# ID Crypt



## Rafael Diogo (Feb 2, 2005)

Hello everyone

This is my first post here, but i read this forum almost everyday.

I've got a Cryptocoryne from Japan that came to me as a C. pygmaea but i dont think its the real classification of it. It growns real fast, but i have no flower yet.

Anyone can id it, please?










Sorry the bad quality of the photo and my terrible english... 

Thank you all..


----------



## lorba (Feb 4, 2004)

this looks like a walkeri or wendtii to me?


----------



## tsunami (Jan 24, 2004)

That most definitely is not C. pygmaea! It looks like it's one of the wendtii-becketii-walkeri-undulata type crypts. I hope you didn't pay too much for it, since these are relatively common cryptocorynes.

Carlos


----------



## Rafael Diogo (Feb 2, 2005)

Thanks for the reply, Carlos and lorba.

I remember thant, when i bought this plant i bought also a C. wendtii 'Mi oya'. 

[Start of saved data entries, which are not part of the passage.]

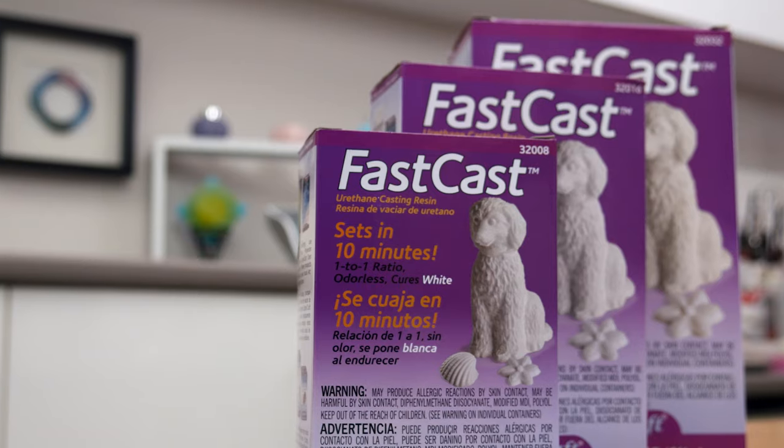I'm Mullane Hillam. In this video I'm going to show you how to work with ETI's FastCast. FastCast is a quick curing urethane resin which is low odour. The big advantage of FastCast is that you can measure, colour, mix, pour and demould all in around 10-15 minutes.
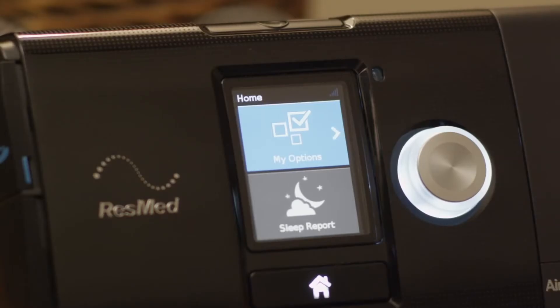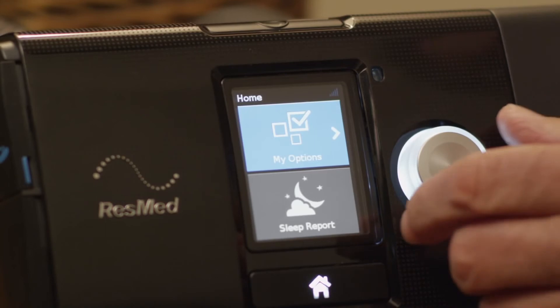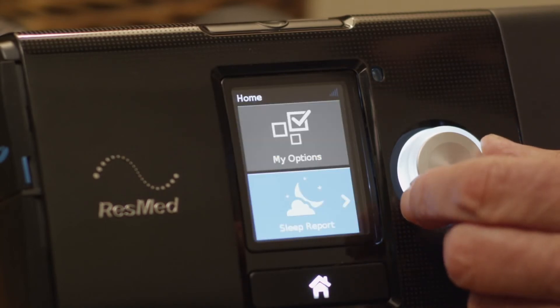My Options lets you view and personalize your comfort settings, while Sleep Report automatically generates a summary of your last therapy session when you press stop.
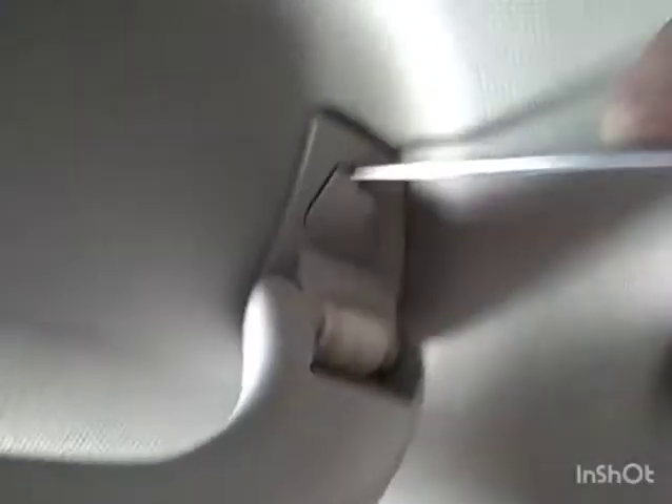So we've pulled on this handle — take that off, and there's these little snaps. Put the tool up in there and push it down, same on the back side. Push them down and it'll hold the handle in the down position. Do that four times around the car and the handles will be off.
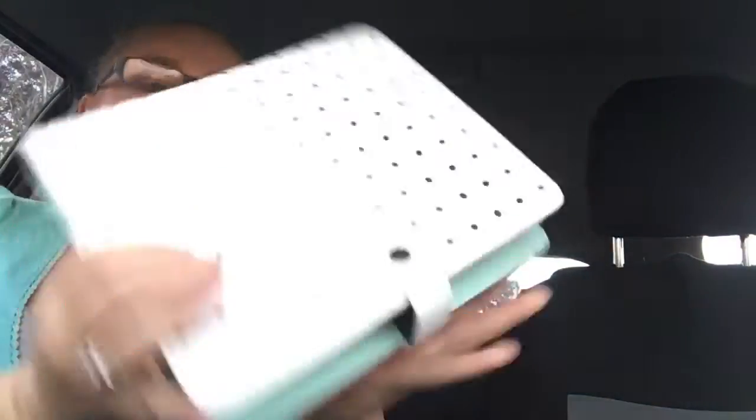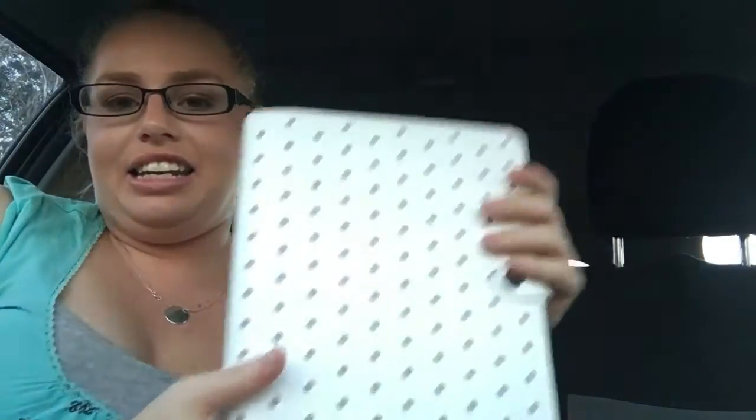Leather. So there we go, that is it. It is soft. It is soft and supple and — oh — smells like leather.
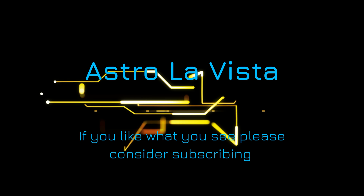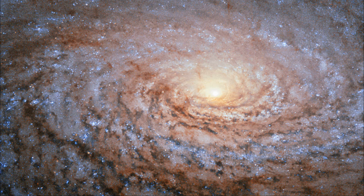Hello, welcome back to the channel — or welcome to the channel! My name's Chris, and tonight we're going to be imaging M63, the Sunflower Galaxy. This is what's called a flocculent galaxy, because the spiral structure isn't really well defined. Flocculent kind of means fluffy, so it's a fluffy galaxy — it looks a bit like a sunflower.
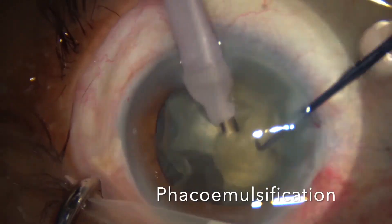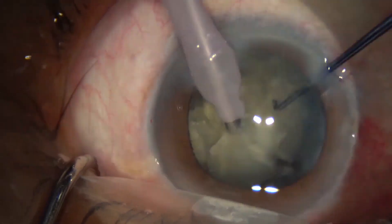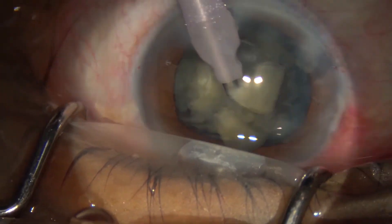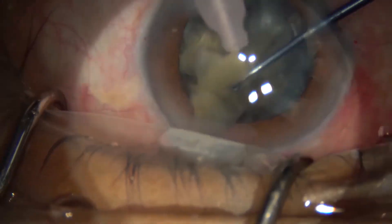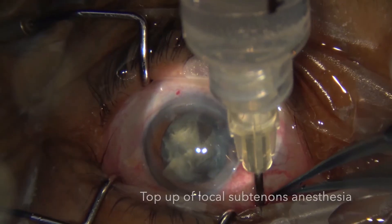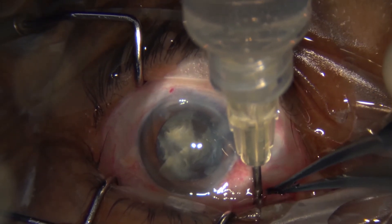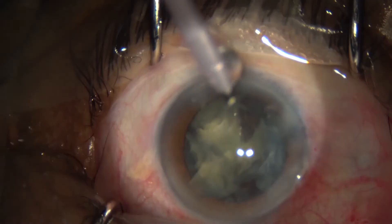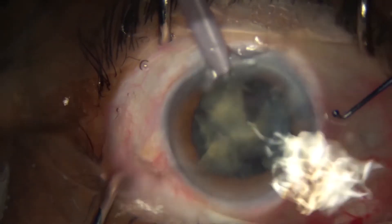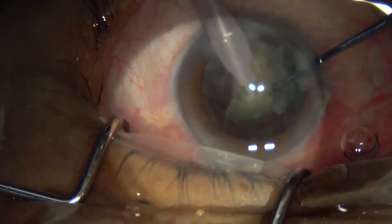In between steps, we top up the viscoelastic to protect the endothelium. Because the probe kept getting occluded due to the dense cataract, we also had to clear the tip externally by removing the probe and rinsing it with a bottle of BSS. At the halfway mark, the cataract was very adherent to the capsular bag, so we used viscoelastic to push and dissect it away before continuing to phaco-chop.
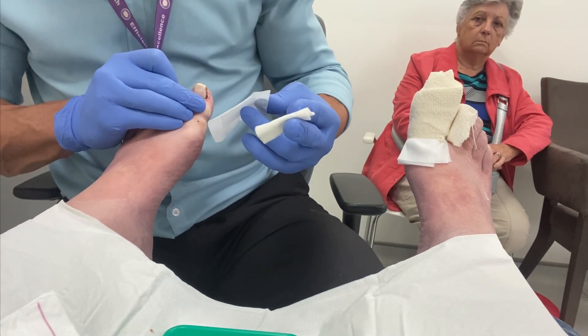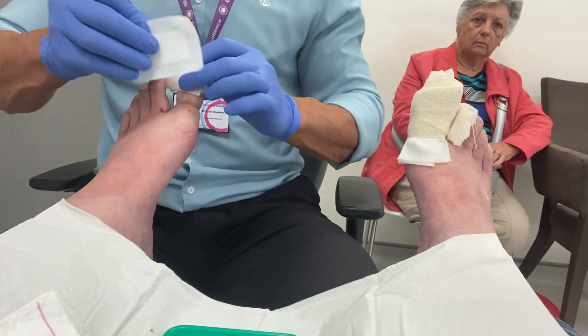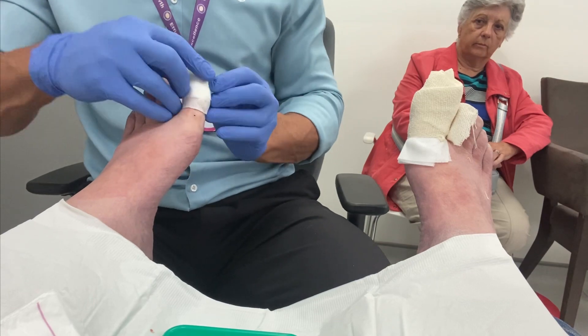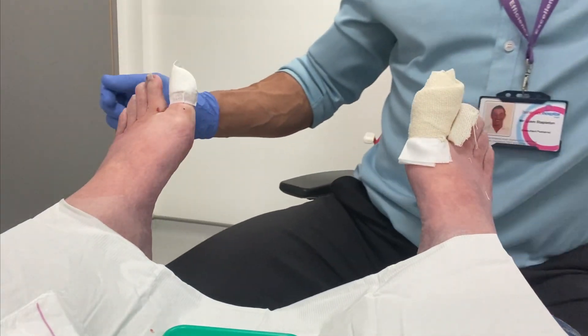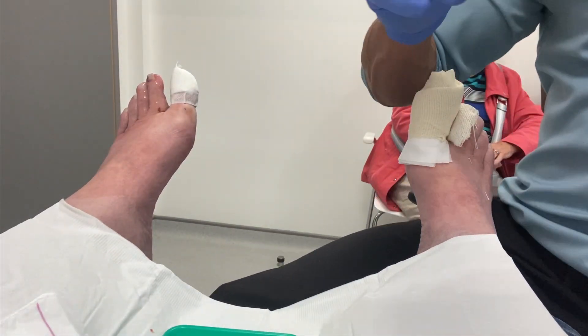We're waiting for the circulation to return to the tip of the digit before applying his dressing. And moving on to his second toe.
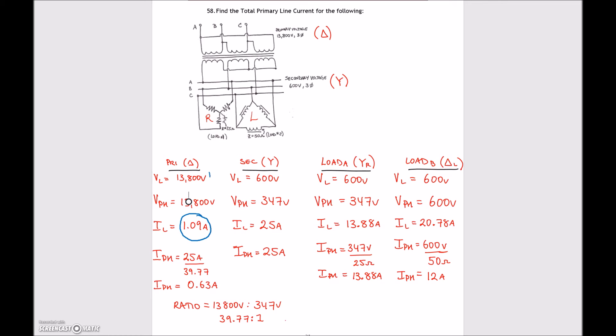To summarize the eight-step process: first, enter line voltages; second, find phase voltages based on Y or Delta; third, find phase currents; fourth, find line currents; fifth, use Pythagoras to find total secondary line current; sixth, use the Y relationship to find secondary phase current; seventh, use the ratio to find primary phase current; eighth, apply Delta relationship to find primary line current of 1.09 amps.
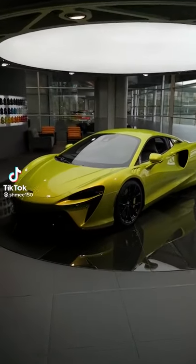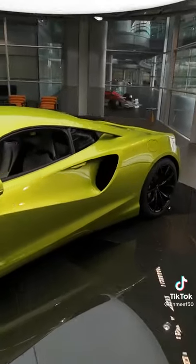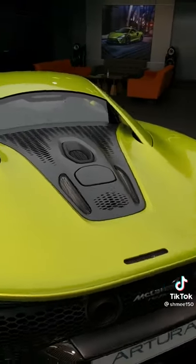Check out the new McLaren Artura. It is their first series production hybrid supercar that can drive in full electric mode for 20 miles, but also has 680 horsepower with a 3-liter twin-turbo V6.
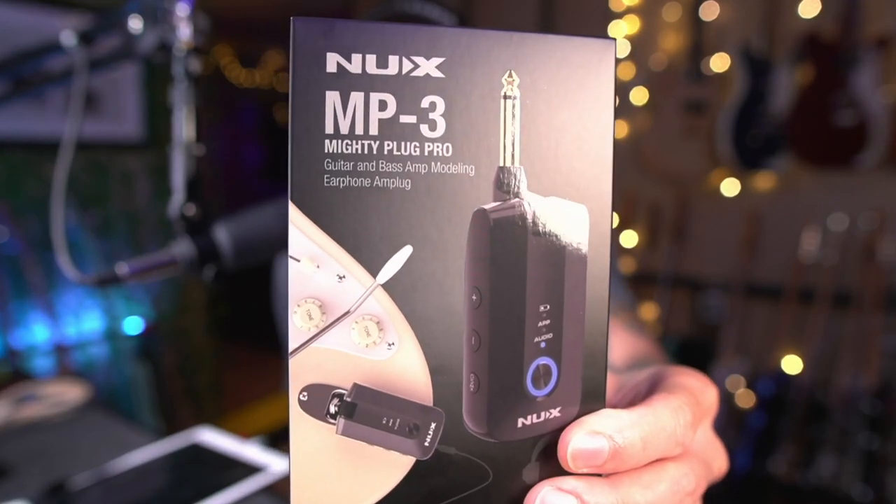Welcome back to the channel. I'm RJ Ryan Killio. If you're new here, thanks for joining me. Today we're going to be checking out the newest device from NUX. It's the Mighty Plug Pro MP3. NUX was kind enough to send me one to demo, so I'm going to check it out with you guys today.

When the plants arrived to me, one of them had died and the other(this one)i 'saved'. 

I´m wondering...could this Crypto be a C. wendtii 'Mi oya'???

Once again, thanks for the feedback of everyone!

Best regards


----------



## MiamiAG (Jan 13, 2004)

Rafael,

Use the attachment function to upload your image. It seems your image hosting site isn't working.


----------



## Rafael Diogo (Feb 2, 2005)

Hi folks

Megagaleria had had a problem, but its now solved.

Greetings


----------



## tsunami (Jan 24, 2004)

Almost a certainty -- that is Cryptocoryne wendtii 'Mi Oya'.

Carlos


----------



## lowcoaster (Dec 6, 2004)

The Mi Oya I get in has generally redder leaves that are thinner, pointed and have undulated edges---Could it be another wendtii morph?


----------



## Rafael Diogo (Feb 2, 2005)

Hi folks,

Im wondering...couldnt it be a C. wendtii 'red'?

Wendtii has so many subspecies and human made varieties that it gets too difficult to know exactly which plant is.

Thank you all


----------